Article III Standing

A

Federal court jurisdiction is limited by Article III of the Constitution to “Cases” and “Controversies.”

To establish standing, a plaintiff must show (1) an injury in fact, (2) fairly traceable to the challenged conduct of the defendant, and (3) likely to be redressed by a favorable judicial decision.

In Spokeo, 136 S.Ct. at 1549, the Supreme Court concluded that “Article III standing requires a concrete injury even in the context of a statutory violation.” In Spokeo, inaccurate information about a plaintiff was included in a credit-reporting database, but there was no evidence that the plaintiff had been harmed by that fact. The Supreme Court held that there was no “injury” for standing purposes, despite the fact that a state law would have awarded the plaintiff statutory damages based on the presence of the inaccurate information alone. The Court emphasized that the “injury in fact” element of the Court’s standing test required a showing that the plaintiff suffered “an invasion of a legally protected interest” that is “concrete” as well as “particularized.” The mere fact that a defendant has acted improperly toward a particular plaintiff (e.g., by including inaccurate information about the plaintiff in a credit-reporting database) is not enough; nor is it enough that the defendant’s conduct violated a state statute. For the plaintiff to have standing to bring a claim in federal court, the defendant’s statutory violation must have “concretely” injured that plaintiff.

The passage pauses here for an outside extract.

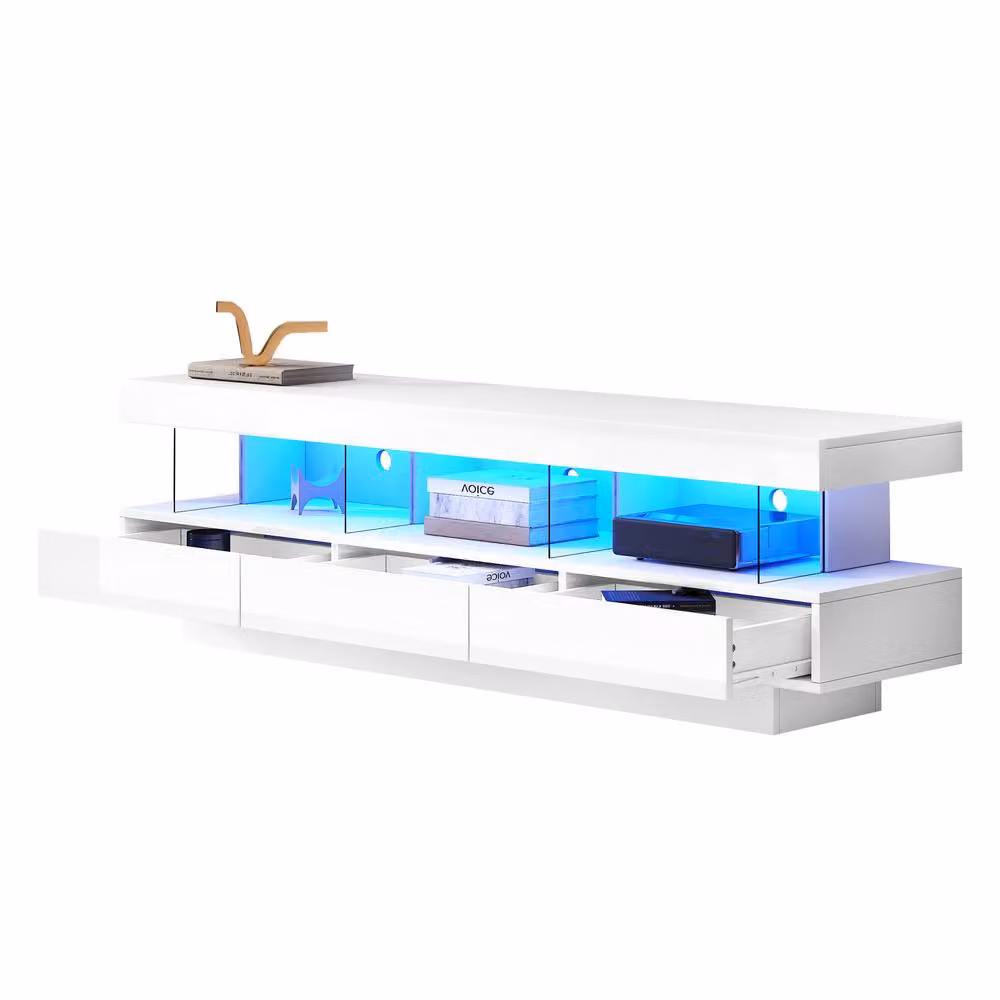 ModernLuxe High Gloss White TV Cabinet with Integrated LED Lighting, 3 Drawers and Open Storage – 3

The Court in Spokeo also said that actual monetary harm to a plaintiff isn’t required for standing: an “intangible” injury can nonetheless be a “concrete injury.” Moreover, the Court indicated that a legislative judgment that certain intangible harms constitute injury in fact would be “instructive.” But the Court made clear that a plaintiff does not satisfy the injury-in-fact requirement merely because a statute has granted the plaintiff a statutory right and the defendant has allegedly violated that statute.

In cases decided since Spokeo, several federal courts have held that an invasion of privacy is, in and of itself, a concrete injury, even when extensive damages cannot be proved.